Likelihood analysis of cosmic shear on simulated and VIRMOS-DESCART data

We present a maximum likelihood analysis of cosmological parameters from measurements of the aperture mass up to 35 arcmin using simulated and real cosmic shear data. A four-dimensional parameter space is explored which examines the mean density Omega(M), the mass power spectrum normalisation sigma(8), the shape parameter and the redshift of the sources z(s). Constraints on Omega(M) and sigma(8) (resp. Gamma and z(s)) are provided by marginalising over Gamma and z(s) (resp. Omega(M) and sigma(8)). For a flat LambdaCDM cosmologies, using a photometric redshift prior for the sources and Gamma is an element of [0.1; 0.4], we find sigma(8) = (0.57 +/- 0.04) Omega(M)((0.24-/+0.18)OmegaM-0.49) at the 68% confidence level (the error budget includes statistical noise, full cosmic variance and residual systematics). The estimate of Gamma, marginalised over Omega(M) is an element of [0.1; 0.4], sigma(8) is an element of [0.7; 1.3] and z(s) constrained by photometric redshifts, gives Gamma = 0.25 +/- 0.13 at 68% confidence.

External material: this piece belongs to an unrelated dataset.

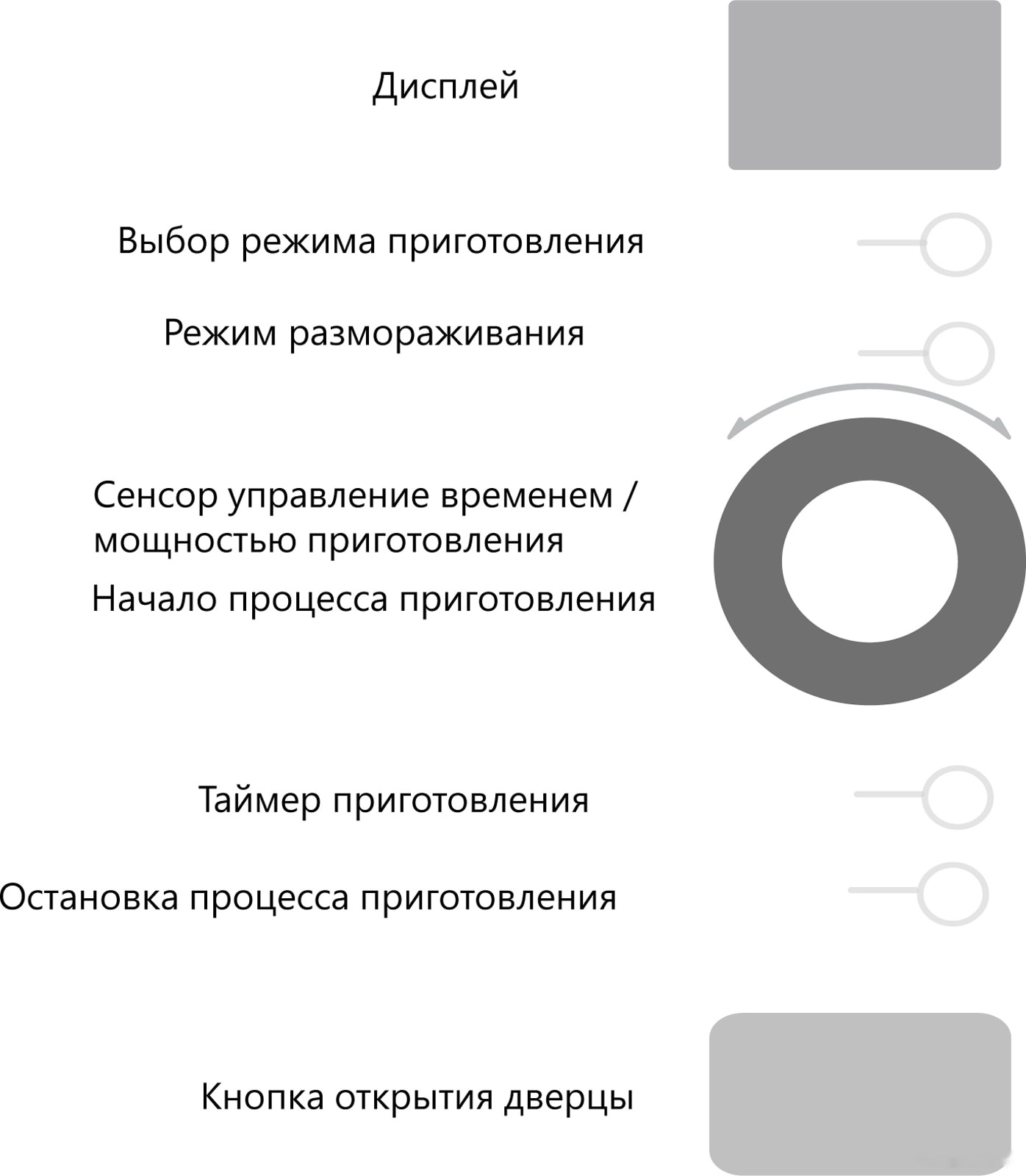 Микроволновая печь AKPO MEA 925 08 SEP01 WH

Adopting h = 0.7, a flat universe, Gamma = 0.2 and Omega(m) = 0.3 we find sigma(8) = 0.98 +/- 0.06. Combined with CMB measurements, our results suggest a non-zero cosmological constant and provide tight constraints on Omega(M) and sigma(8). Finally, we compare our results to the cluster abundance ones, and discuss the possible discrepancy with the latest determinations of the cluster method. In particular we point out the actual limitations of the mass power spectrum prediction in the non-linear regime, and the importance in improving this.